Wasp venom in wine? Sounds like a homeopathic energy drink, doesn’t it? Or a really evil cocktail that some Indiana Jones villain would order in a Bulgarian tavern.
The problem here will be immediately apparent to anyone who’s ever been around a winery crushpad in mid-harvest. For those who haven’t seen such an operation let me paint a picture: huge bins of grapes being dumped into crusher-destemmers or into tanks, and above all the crushed fruit, a lot of sweaty, exhausted winery workers, and inevitably some swarming, dive-bombing yellow jackets, wasps, and other creatures who are out for a free lunch.
It seems nearly impossible to keep bugs out of the wine. I may be the one to have to break this to you, but you’ve been drinking wine that had bugs in it your whole life.
Let me explain.
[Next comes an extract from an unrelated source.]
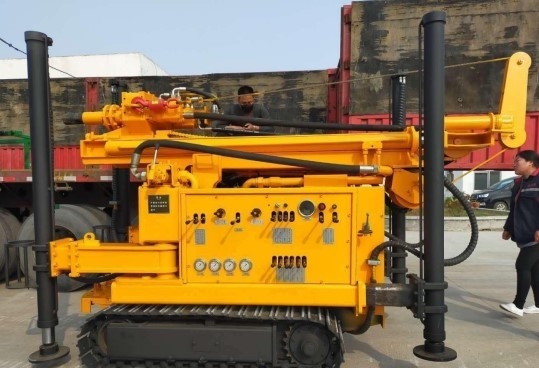 Wiertnice wiertnicze 90KW w pełni hydrauliczne typu gąsienicowego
You’ve heard of “the lees” right? I use the term here on Vinography sometimes. It refers to all the sediment that falls to the bottom of tanks or barrels as wines ferment and age. Well in addition to skins, stems, and yeast, there’s also likely some “bug” in there too. It sounds gross, but it’s actually pretty innocuous. All of this type of sediment is removed from the wine with procedures like racking, in which the clear wine is carefully poured off this settled muck at the bottom of the barrel, or fining, in which a substance (like egg whites) is added to the wine which grabs particles of stuff as it settles to the bottom. And then there’s sterile filtration, which presumably also does the trick
But I suppose if the venom is just a chemical that binds with the other chemicals in the liquid of the wine, no amount of racking or filtration is going to get it out. So does this mean that some people will have to start carrying bottles of serum so they can squeeze a few drops in their glass before taking a sip? Or are we now going to have to arm all our sommeliers with Epi pens and train them in administering adrenaline injections as well as the Heimlich maneuver?
I don’t mean to make light of the unfortunate fate that some folks seem to be suffering from their reactions (having seen someone in anaphylactic shock, it ain’t no picnic), but it seems like a nearly impossible problem to solve unless someone figures out a treatment for the wine that neutralizes the venom. Organic chemists, sharpen your pencils!